Quentin Tarantino tends to popular his movies with memorable characters as well. In “Django: Unchained,” the villain (named Candie) runs a brutal plantation cheerfully known as Candie Land. He’s a refined Southern gentleman with a cruel streak. In “Inglorious Basterds,” the Jew Hunter is a clever Nazi officer who relishes hunting and killing Jews like a battle of wits.
Another movie filled with memorable characters is “The Hunt for the Wilderpeople,” which is about a boy in New Zealand who gets adopted by an older couple. The man is grumpy and doesn’t like the boy, but the woman is overly cheerful to the point of singing a horrible birthday song for the boy as she endears herself to him with her enthusiasm and love.
Later, the boy runs into a talkative girl who keeps making up lies for fun before immediately telling the truth, and who can’t stop talking. Although she appears briefly, this overly talkative girl is extremely memorable and unique.
The villain in “The Hunter for the Wilderpeople” is a woman in charge of child protective services. In her zeal to protect children, she’s willing to do whatever it takes to hurt and punish them where her motto is “No child left behind. Dead or alive.”

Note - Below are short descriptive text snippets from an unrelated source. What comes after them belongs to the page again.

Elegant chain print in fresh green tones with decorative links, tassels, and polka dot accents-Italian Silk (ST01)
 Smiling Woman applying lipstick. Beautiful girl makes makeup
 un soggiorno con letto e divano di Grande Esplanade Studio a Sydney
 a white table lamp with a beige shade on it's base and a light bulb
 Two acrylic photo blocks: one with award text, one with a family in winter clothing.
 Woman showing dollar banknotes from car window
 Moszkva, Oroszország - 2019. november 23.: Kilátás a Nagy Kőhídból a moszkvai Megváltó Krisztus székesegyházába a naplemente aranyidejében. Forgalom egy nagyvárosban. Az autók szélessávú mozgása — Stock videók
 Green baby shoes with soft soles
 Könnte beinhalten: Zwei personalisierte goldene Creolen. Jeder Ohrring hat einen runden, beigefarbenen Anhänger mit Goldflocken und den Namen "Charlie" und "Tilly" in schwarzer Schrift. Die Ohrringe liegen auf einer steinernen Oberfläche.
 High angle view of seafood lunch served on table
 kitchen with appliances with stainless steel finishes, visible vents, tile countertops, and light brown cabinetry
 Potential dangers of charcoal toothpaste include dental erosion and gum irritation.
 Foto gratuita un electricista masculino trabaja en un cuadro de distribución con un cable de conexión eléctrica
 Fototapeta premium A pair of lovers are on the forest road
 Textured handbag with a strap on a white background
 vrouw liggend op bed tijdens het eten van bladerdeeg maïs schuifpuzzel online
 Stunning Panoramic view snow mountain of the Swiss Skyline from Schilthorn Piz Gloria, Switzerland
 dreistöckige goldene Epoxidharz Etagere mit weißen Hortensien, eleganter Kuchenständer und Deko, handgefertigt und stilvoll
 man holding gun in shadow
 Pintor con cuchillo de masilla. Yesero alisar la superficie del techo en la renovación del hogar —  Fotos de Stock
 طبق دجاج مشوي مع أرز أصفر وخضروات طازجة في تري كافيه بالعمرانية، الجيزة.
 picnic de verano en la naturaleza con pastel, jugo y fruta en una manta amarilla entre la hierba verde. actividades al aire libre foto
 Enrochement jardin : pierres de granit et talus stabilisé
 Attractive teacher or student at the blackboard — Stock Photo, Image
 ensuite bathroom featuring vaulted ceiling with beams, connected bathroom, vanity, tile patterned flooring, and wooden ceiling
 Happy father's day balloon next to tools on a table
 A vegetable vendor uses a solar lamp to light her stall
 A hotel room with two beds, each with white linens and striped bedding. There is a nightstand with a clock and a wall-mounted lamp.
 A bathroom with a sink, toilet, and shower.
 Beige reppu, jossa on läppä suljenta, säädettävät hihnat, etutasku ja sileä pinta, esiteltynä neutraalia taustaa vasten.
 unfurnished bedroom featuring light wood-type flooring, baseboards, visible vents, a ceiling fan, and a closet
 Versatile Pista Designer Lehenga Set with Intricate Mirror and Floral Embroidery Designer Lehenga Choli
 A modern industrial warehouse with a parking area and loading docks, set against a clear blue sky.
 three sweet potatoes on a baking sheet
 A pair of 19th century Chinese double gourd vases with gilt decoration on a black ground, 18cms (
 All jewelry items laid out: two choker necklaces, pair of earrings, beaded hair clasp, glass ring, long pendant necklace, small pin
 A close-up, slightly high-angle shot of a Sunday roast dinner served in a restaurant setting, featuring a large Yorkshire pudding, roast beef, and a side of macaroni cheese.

So the lesson is clear. Don’t create generic, bland characters. Make each character unique and compelling in their own way that makes them someone you’d want to meet at a party because they’re so interesting. The more outrageously lovable you make your characters, the more audiences will care about how they are as real people and not as one-dimensional, stereotypical puppets who exist solely to advance the plot and disappear.